One thing I noticed is this is what i see on the Touchpad when I go to wifi settings....










Under DigitalExchange you see how it says "disabled"? I don't think it's supposed to say that. It doesn't connect automatically but when I click on the network and then "connect", it'll connect. I kinda think that because it says "disabled", thats whats keeping the phones from connecting. The router according to the TP is disabled?? I dunno....

How can I make it enabled? Or doesn't anyone know why it's only phones that arent able to connect but everything else can? PC, Touchpad, Ipad....those all have no problems. Hope someone can help me fix this. I'm so choked at resetting the stupid thing.... should've left it alone.

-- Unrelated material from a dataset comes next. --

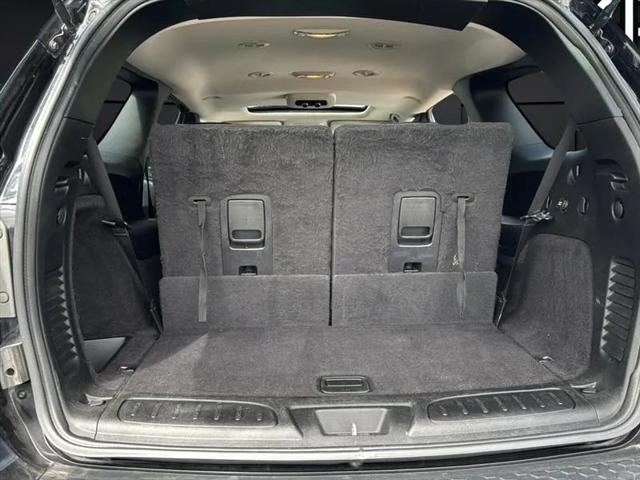 2013 Dodge Durango SXT
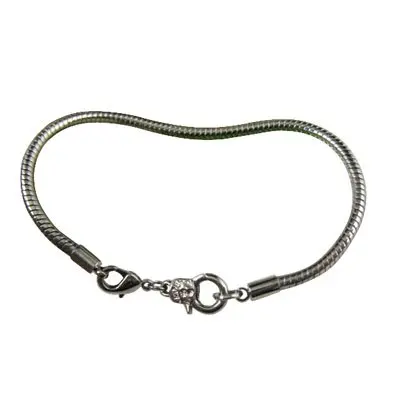 10 шт смешанных цветов модных браслетов с застежкой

Thanks for taking the time to read and hope someone can lend a hand


----------



## Jr_Boogaloo (Nov 12, 2011)

Nobody knows what could be wrong?


----------



## ro6666lt (Sep 2, 2011)

moved to android general. probably will get a response there. off-topic is just for chit-chat.


----------



## Jr_Boogaloo (Nov 12, 2011)

Mod can close this thread if you want. Got the issue resolved. Router had to be set at a certain MHz and channel.


----------